Наши документы проверялись в Либерии впервые. Проворовавшемуся банкиру, которому, по моему разумению, следовало бы поселиться в глубине Либерии, вдали от полицейского ока, и ездить развлекаться во Французскую Гвинею (она вполне заменит ему курорты Нормандии и не потребует никакой волокиты с документами), следует всячески избегать Тапи-Та. Ибо тут, в Тапи-Та, в загородке окружного комиссара есть даже тюрьма, и хотя диктатор Гран-Басы удовлетворился нашими паспортами, несмотря на то что они не давали права следовать по Центральной Либерии, банкиру могло бы посчастливиться меньше.
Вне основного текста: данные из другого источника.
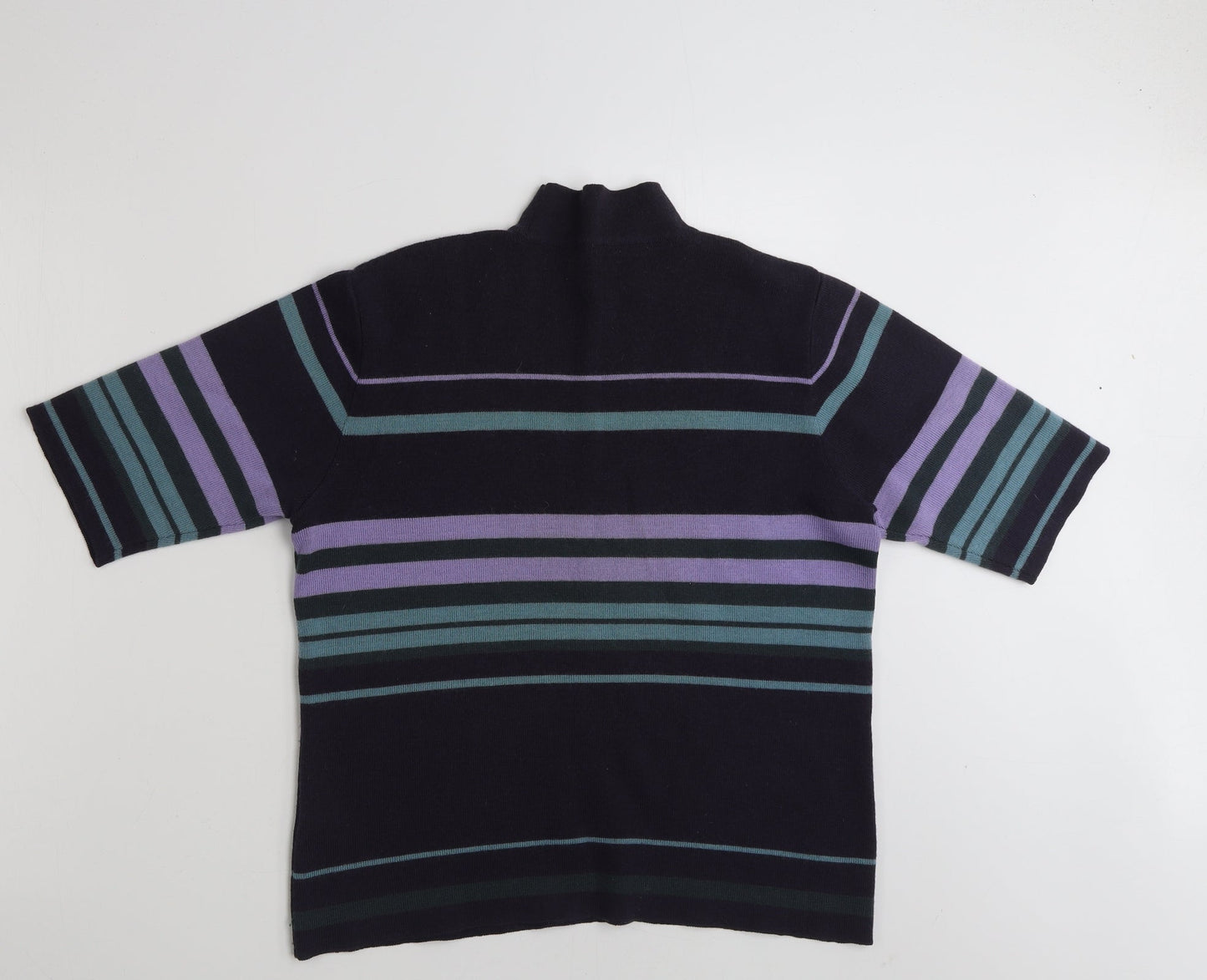 Womens UK Size 16 Marks and Spencer Purple Pullover Jumper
А тюрьма, стоявшая рядом с нашим домиком, ее соломенная кровля над выделенными стенами и крошечными окошечками, создавала ощущение темноты, духоты и какой-то бессмысленной жестокости (старший тюремщик был слабоумный калека). Каждое окошечко, величиной с человеческую голову, означало отдельную камеру. Заключенные — мужчины и женщины — были привязаны веревками к прутьям, крест-накрест набитым на окна. Двоих или троих мужчин по утрам выгоняли на работу, две костлявые старухи носили заключенным пищу и воду, и тогда их веревки были обернуты у них вокруг пояса; лишь одному старику разрешалось лежать на циновке снаружи, его привязывали к столбу, подпирающему крышу. У входа в тюрьму, напоминавшего темный лаз в пещеру, где не было уже и следа побелки, весь день валялись тюремщики; они кричали, ссорились и время от времени кидались, размахивая дубинкой, в одну из крошечных камер. Старик заключенный был полоумный; я видел, как тюремщик бьет его дубинкой, подгоняя к жестяному тазу, где тому полагалось умыться, но старик будто и не чувствовал ударов. Жизнь для него ограничивалась немногими очень простыми и очень неясными ощущениями: ощущением солнечного тепла, когда он лежал на своей циновке, и холода в камере, потому что ночью в Тапи-Та очень холодно. Одна из старух сидела в тюрьме уже месяц, ожидая суда. Ее обвиняли в том, что она вызвала молнию на свою деревню; с каким жалким бессилием проходила она каждодневно свой крестный путь, спотыкаясь под тяжестью воды, которую носила из источника в полумиле от тюрьмы! Если она умела вызывать молнию, почему же она не подожгла тюрьму или не сразила медлившего выпустить ее комиссара? Очень может быть, что она и в самом деле вызывала молнии (я не мог не верить в эти рассказы; их подтверждало слишком много свидетелей), но колдовская сила, наверное, покинула ее в заключении, или у нее просто не было необходимых средств для ворожбы. Я спросил квартирмейстера, когда ее будут судить, но он не мог мне ничего ответить.
Заседание в доме совета старейшин продолжалось до пяти; народу там было набито битком, и жара, наверно, стояла невыносимая. Я подозревал, что целью всего этого расследования было утихомирить вождей, а не осудить комиссаров: судья приходился главному обвиняемому двоюродным братом. Но во всяком случае судье этому нельзя было отказать в терпении и выносливости.